Attack on Victorian TAFE means more cuts and privatisation

Several thousand unionists and students rallied outside the office of Victorian Premier, Ted Baillieu, on May 10 in protest at a $160 million cut to TAFE education.

The bulk of the rally was made up of TAFE teachers, members of the Australian Education Union, and members of the National Tertiary Education Union, which covers admin workers in TAFEs.

But there were also delegations from the construction workers’ CFMEU, the Australian Nursing Federation, the manufacturing workers’ AMWU and the Independent Education Union.

The cuts will not just lead to hundreds of job losses across the state, and higher fees for students in many of the remaining courses, but will dramatically deepen the privatisation of TAFE begun under the previous Victorian Labor government.

Labor’s “reform” was to allow private colleges access to the same funding per student as public TAFEs (which include sections of four universities—Victoria University, RMIT, Ballarat and Swinburne).

Brian MacDonald, former head of Northern Melbourne Institute of TAFE, told The Age: “A year ago there were 200 private providers, now there are about 450.

Say no to TAFE privatisation

“Courses in TAFE that might take 400 hours are being delivered in 30. This private sector is really poorly regulated. Some of these bits of paper are worthless to employers … yet the providers are getting government funding.”

The Liberals are making cuts in three ways.
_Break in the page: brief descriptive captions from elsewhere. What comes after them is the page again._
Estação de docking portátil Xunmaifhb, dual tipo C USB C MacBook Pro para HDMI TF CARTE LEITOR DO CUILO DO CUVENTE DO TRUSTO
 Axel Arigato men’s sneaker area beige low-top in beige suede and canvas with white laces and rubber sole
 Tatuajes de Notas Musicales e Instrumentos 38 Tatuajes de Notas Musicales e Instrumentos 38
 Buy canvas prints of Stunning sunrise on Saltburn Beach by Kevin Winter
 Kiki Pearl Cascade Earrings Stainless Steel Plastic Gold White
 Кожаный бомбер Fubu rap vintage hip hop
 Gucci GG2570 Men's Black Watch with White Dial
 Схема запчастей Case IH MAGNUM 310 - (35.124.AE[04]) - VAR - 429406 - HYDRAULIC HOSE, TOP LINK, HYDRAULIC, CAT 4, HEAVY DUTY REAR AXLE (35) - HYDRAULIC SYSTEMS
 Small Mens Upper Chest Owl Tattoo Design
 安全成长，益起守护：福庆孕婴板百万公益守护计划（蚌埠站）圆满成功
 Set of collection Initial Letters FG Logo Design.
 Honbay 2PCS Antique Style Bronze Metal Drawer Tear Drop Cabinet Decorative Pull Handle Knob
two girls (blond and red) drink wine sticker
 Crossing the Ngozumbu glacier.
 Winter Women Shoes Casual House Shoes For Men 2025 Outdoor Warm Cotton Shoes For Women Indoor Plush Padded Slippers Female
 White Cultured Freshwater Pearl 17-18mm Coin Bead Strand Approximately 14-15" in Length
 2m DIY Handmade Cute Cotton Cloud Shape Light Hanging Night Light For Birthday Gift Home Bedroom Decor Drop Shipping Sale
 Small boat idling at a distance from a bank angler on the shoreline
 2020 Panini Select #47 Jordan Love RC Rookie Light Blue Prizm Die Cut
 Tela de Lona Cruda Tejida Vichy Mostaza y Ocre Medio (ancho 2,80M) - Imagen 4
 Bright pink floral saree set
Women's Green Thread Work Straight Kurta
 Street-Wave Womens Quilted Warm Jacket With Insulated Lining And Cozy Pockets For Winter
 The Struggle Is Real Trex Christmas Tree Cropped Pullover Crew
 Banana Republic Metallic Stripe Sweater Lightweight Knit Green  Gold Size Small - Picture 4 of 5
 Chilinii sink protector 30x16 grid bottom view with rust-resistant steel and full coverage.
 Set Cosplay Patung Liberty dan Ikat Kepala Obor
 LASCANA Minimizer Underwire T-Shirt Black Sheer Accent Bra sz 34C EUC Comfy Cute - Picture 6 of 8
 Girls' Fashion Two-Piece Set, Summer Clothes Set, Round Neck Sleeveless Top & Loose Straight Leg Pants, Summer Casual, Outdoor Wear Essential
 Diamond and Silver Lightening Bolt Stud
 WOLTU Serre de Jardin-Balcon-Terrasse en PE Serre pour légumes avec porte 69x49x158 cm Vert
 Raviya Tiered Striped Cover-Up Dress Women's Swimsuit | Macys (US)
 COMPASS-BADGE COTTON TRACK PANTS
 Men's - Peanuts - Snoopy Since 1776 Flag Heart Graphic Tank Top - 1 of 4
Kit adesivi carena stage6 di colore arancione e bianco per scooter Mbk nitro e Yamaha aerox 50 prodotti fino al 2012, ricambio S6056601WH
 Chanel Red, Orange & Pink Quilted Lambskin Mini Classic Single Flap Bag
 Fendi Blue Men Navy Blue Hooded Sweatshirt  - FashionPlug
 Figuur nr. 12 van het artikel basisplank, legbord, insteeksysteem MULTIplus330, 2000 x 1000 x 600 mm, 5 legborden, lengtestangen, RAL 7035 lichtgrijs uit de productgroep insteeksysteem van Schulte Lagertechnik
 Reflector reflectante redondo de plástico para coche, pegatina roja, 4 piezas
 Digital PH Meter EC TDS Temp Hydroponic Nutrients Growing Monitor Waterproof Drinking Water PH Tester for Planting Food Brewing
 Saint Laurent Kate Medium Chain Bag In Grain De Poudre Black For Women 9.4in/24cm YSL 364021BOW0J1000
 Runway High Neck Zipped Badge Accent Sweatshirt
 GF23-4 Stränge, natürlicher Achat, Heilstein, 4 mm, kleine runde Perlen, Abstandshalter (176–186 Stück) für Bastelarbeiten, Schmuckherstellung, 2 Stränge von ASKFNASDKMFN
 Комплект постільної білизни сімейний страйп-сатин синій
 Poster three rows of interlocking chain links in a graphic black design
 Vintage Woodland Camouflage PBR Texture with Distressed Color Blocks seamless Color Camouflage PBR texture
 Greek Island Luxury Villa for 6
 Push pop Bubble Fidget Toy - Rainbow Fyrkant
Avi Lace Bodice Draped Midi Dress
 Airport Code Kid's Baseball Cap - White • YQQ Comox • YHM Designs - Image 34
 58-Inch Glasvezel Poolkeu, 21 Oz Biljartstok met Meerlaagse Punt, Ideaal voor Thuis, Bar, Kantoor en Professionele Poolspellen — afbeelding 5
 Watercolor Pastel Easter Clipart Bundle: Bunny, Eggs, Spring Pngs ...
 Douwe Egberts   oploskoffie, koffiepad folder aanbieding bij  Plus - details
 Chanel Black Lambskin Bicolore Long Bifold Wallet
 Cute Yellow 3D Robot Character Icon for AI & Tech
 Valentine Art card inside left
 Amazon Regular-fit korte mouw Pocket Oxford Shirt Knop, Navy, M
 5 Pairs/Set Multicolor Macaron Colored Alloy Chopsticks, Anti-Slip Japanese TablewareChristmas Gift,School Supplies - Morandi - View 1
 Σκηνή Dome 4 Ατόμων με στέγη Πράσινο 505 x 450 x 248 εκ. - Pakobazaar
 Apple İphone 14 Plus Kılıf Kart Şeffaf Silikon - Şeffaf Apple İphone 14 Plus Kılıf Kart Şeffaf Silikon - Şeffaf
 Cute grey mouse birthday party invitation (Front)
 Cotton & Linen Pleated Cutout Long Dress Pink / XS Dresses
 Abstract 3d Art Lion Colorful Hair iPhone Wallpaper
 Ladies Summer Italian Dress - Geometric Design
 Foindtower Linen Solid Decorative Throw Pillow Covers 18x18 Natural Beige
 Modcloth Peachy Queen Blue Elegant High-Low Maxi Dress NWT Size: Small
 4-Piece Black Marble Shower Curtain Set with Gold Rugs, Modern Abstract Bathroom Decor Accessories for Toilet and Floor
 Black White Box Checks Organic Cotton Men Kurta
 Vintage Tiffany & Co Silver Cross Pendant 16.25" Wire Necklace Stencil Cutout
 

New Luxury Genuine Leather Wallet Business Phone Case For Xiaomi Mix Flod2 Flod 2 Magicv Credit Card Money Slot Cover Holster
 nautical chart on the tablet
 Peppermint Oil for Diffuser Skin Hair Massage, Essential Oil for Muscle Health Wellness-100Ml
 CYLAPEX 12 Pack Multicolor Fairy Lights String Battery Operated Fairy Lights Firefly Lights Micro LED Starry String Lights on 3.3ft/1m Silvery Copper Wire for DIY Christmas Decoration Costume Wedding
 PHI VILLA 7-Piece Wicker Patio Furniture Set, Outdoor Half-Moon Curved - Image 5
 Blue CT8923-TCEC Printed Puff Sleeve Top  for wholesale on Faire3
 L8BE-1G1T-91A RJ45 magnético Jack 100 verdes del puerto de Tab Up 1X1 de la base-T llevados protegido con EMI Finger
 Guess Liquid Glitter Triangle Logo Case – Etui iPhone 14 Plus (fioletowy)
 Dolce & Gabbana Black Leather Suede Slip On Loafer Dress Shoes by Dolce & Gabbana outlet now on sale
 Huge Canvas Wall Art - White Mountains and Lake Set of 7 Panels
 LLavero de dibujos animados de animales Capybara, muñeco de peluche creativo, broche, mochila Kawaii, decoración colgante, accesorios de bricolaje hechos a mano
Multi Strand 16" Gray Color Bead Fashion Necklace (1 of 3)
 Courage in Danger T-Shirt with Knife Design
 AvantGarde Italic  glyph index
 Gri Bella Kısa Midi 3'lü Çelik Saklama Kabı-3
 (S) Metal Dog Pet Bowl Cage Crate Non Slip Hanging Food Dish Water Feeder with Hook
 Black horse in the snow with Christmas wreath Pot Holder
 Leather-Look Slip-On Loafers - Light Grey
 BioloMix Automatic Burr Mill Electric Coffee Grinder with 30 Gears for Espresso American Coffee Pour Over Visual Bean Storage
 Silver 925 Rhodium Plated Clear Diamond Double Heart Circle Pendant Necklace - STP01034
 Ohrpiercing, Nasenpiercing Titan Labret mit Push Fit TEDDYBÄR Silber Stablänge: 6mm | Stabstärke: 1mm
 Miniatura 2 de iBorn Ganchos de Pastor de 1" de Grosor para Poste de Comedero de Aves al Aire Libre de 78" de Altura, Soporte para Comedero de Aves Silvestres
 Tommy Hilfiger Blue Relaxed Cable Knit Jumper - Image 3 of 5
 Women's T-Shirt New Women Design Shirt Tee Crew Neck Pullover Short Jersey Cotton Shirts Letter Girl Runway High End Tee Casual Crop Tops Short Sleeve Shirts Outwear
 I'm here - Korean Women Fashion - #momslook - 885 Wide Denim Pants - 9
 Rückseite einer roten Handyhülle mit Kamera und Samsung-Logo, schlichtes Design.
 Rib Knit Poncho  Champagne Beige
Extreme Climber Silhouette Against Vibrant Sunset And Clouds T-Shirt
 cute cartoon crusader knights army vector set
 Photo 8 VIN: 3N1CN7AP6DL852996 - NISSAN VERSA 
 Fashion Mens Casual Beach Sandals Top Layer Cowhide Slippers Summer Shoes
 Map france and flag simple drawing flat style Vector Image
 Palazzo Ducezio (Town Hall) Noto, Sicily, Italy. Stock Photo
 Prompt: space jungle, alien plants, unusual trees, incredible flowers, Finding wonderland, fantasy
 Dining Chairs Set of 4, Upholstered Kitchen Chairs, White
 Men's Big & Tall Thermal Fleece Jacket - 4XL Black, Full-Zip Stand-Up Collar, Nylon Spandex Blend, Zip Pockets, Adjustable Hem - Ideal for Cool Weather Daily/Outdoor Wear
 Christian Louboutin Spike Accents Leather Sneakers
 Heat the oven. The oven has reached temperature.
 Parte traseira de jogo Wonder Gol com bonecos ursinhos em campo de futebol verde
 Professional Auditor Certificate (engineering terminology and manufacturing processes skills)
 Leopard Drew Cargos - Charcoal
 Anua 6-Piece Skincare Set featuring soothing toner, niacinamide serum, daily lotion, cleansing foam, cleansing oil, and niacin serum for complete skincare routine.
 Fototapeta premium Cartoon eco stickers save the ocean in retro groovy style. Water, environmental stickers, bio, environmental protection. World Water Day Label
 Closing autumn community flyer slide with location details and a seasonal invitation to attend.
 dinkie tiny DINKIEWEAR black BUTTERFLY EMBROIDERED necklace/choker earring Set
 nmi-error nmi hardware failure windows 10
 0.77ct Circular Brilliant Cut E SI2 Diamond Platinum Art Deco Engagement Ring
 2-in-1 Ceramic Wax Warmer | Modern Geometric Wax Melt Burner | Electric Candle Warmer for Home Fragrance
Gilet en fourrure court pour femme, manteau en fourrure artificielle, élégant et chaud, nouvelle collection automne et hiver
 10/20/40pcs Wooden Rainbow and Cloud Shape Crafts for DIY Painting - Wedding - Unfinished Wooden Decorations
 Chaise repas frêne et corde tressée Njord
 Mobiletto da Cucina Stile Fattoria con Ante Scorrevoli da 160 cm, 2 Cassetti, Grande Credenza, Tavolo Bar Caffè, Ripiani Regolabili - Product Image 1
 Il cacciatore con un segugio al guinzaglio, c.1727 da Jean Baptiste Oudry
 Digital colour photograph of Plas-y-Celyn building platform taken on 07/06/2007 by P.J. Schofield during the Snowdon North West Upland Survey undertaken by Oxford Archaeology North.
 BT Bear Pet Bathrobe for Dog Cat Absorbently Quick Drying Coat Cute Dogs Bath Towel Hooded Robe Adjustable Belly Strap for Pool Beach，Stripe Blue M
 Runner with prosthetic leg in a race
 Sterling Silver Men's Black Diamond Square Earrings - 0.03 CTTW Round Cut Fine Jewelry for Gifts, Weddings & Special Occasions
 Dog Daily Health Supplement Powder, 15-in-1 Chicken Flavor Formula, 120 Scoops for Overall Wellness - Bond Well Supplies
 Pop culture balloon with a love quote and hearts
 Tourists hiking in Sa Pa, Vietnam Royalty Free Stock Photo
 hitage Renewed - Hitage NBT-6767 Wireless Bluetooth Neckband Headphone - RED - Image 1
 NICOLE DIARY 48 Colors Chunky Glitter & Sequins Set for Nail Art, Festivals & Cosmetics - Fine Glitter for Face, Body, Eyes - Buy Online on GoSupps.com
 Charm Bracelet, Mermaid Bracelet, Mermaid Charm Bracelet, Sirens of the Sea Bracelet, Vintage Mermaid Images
They are refusing to provide the money promised by Labor to cover AEU members’ pay rises in 2013. This will, for example, hack $11 million from RMIT’s budget.

They are increasing funding for some courses, but slashing it for many others, to about $2 per student for an hour of teaching. And they are simply discontinuing maintenance grants for state-owned TAFE properties.

TAFEs offer better facilities and better teaching, but in many cases will not be able to compete with dodgy private colleges on price. The public courses that survive will be those in high enough demand for TAFEs and universities to be able to increase fees. Either way, students will suffer, many of them refugees or new migrants.

Officials told the protest on May 10 that there would be more rallies. But we need to go further, laying the basis for strikes alongside AEU members in schools and NTEU members in universities, who are all moving into bargaining mode.